Restate all of the following data exactly, keeping any images out of the copy.

(Caption-style text data)
- - - -

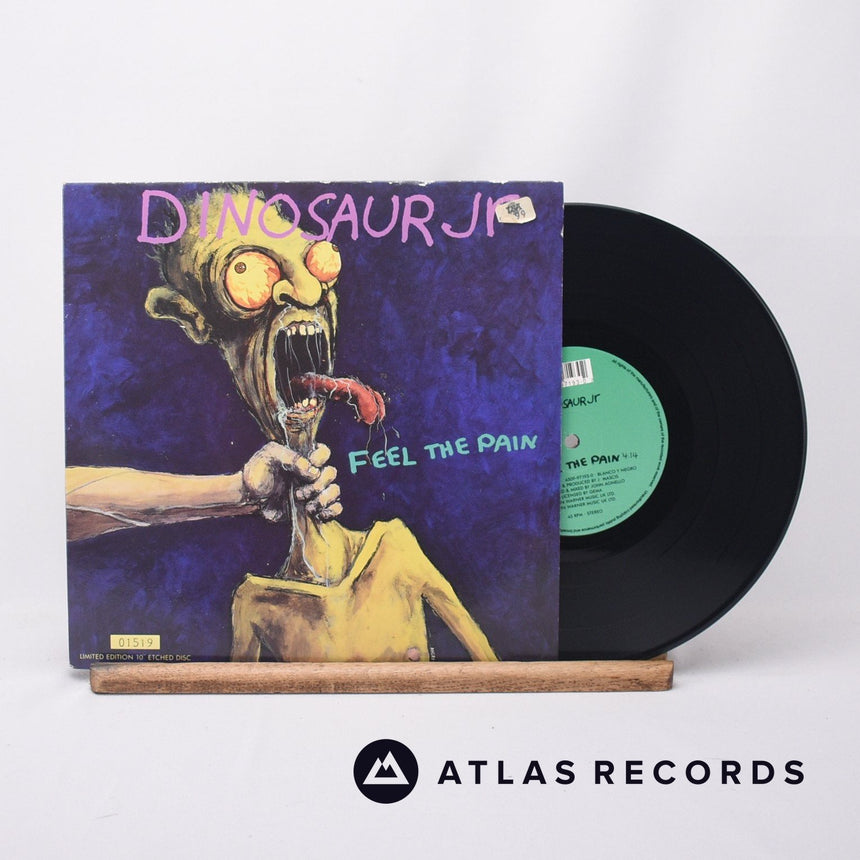 Dinosaur Jr. Feel The Pain 10" Vinyl Record - Front Cover & Record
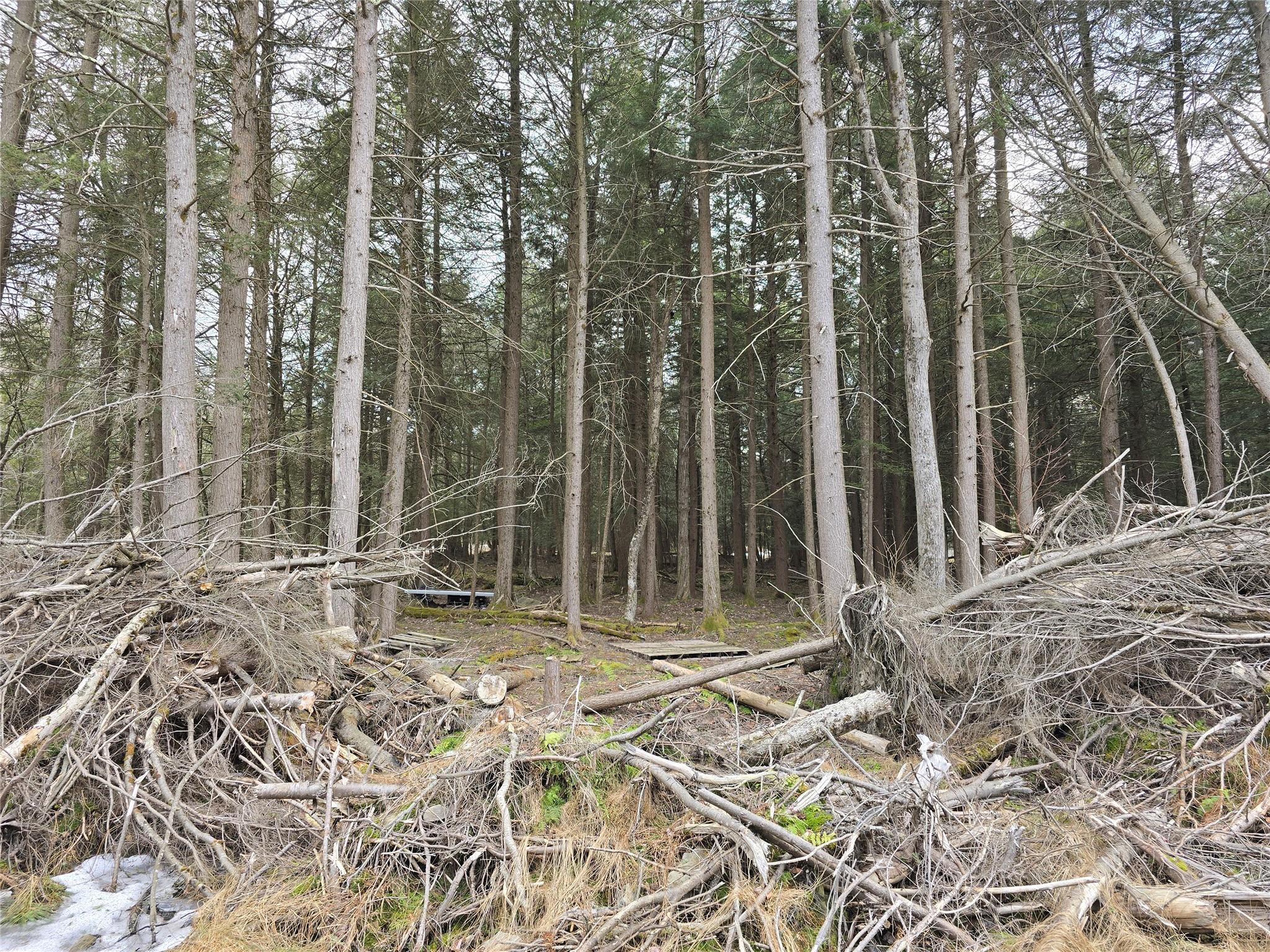 8217 W Breezy Hill Road, Parksville, New York image 30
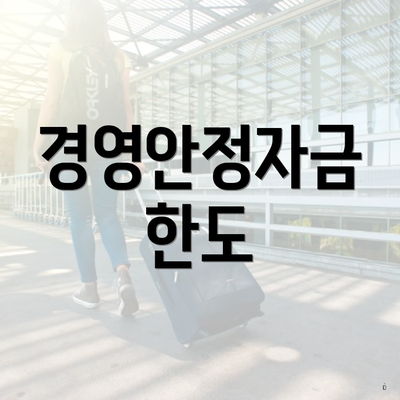 경영안정자금 한도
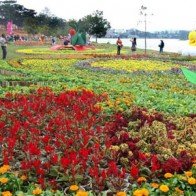 Phố hoa Đà Lạt, đại ngàn Tây Nguyên vẫy gọi khách gần xa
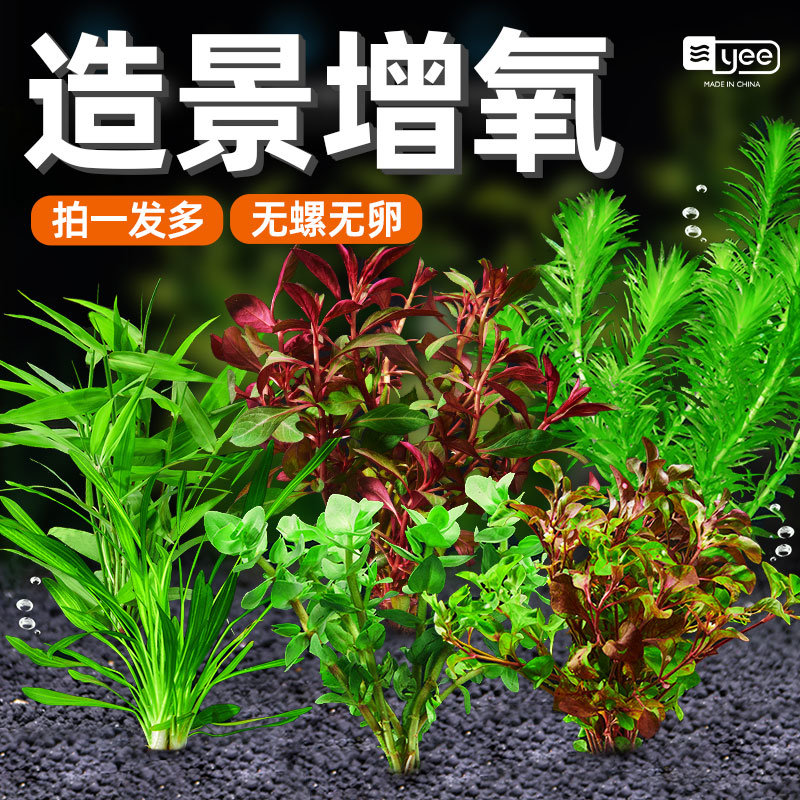 鱼缸水草活体造景套餐植物草趴地矮珍珠懒人水榕沉木阴性淡水
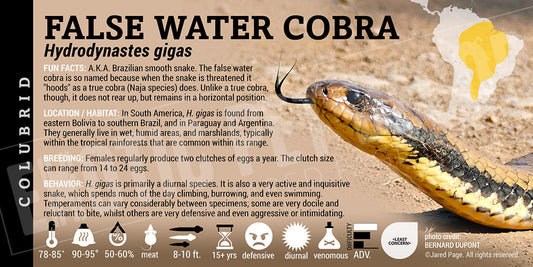 Hydrodynastes gigas 'False Water' Cobra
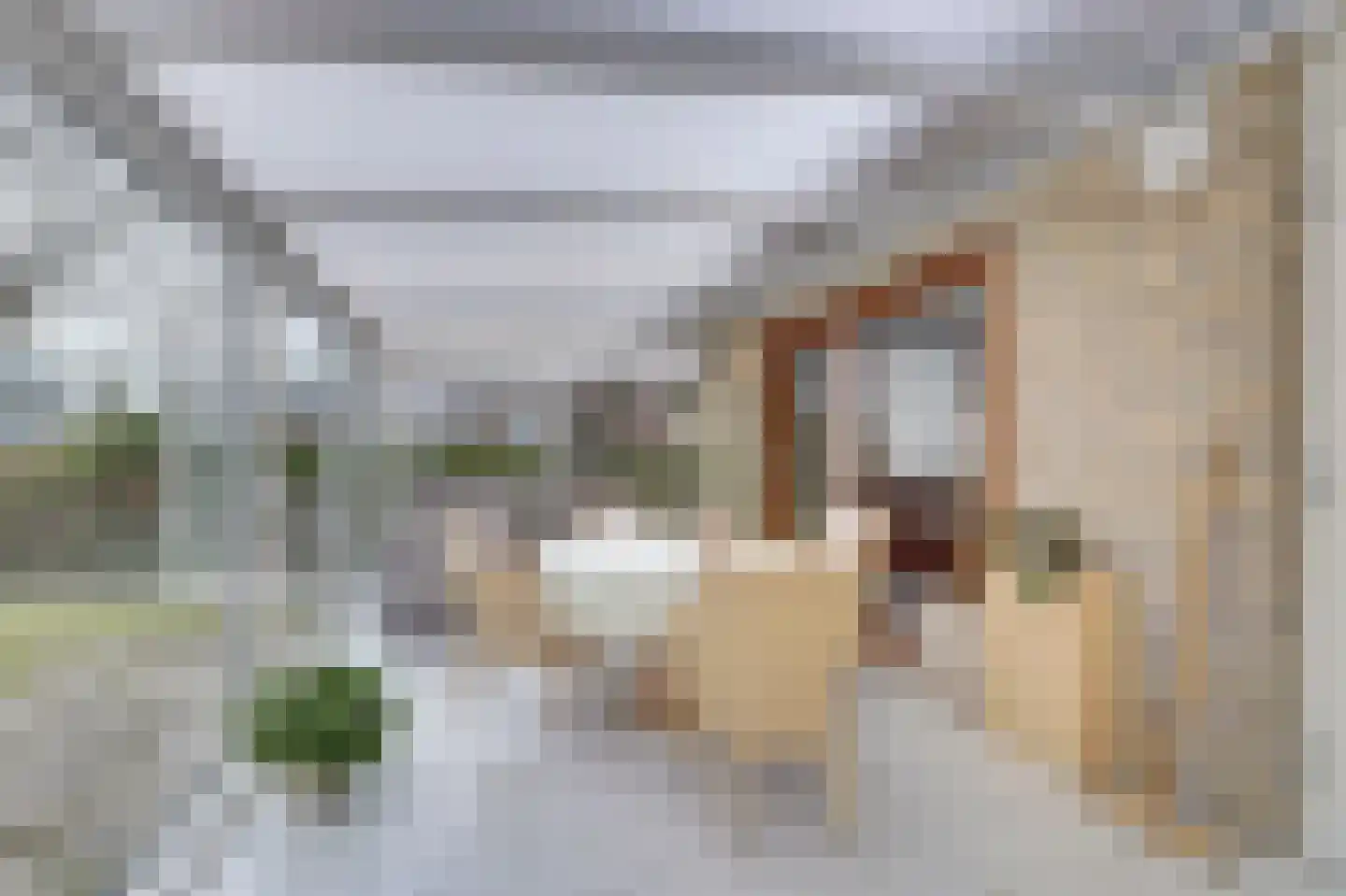 Ooststraat 20 Nieuwerkerk thumbnail 12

- - - -

ANSWER TO THIS TASK
 Dinosaur Jr. Feel The Pain 10" Vinyl Record - Front Cover & Record
 8217 W Breezy Hill Road, Parksville, New York image 30
 경영안정자금 한도
 Phố hoa Đà Lạt, đại ngàn Tây Nguyên vẫy gọi khách gần xa
 鱼缸水草活体造景套餐植物草趴地矮珍珠懒人水榕沉木阴性淡水
 Hydrodynastes gigas 'False Water' Cobra
 Ooststraat 20 Nieuwerkerk thumbnail 12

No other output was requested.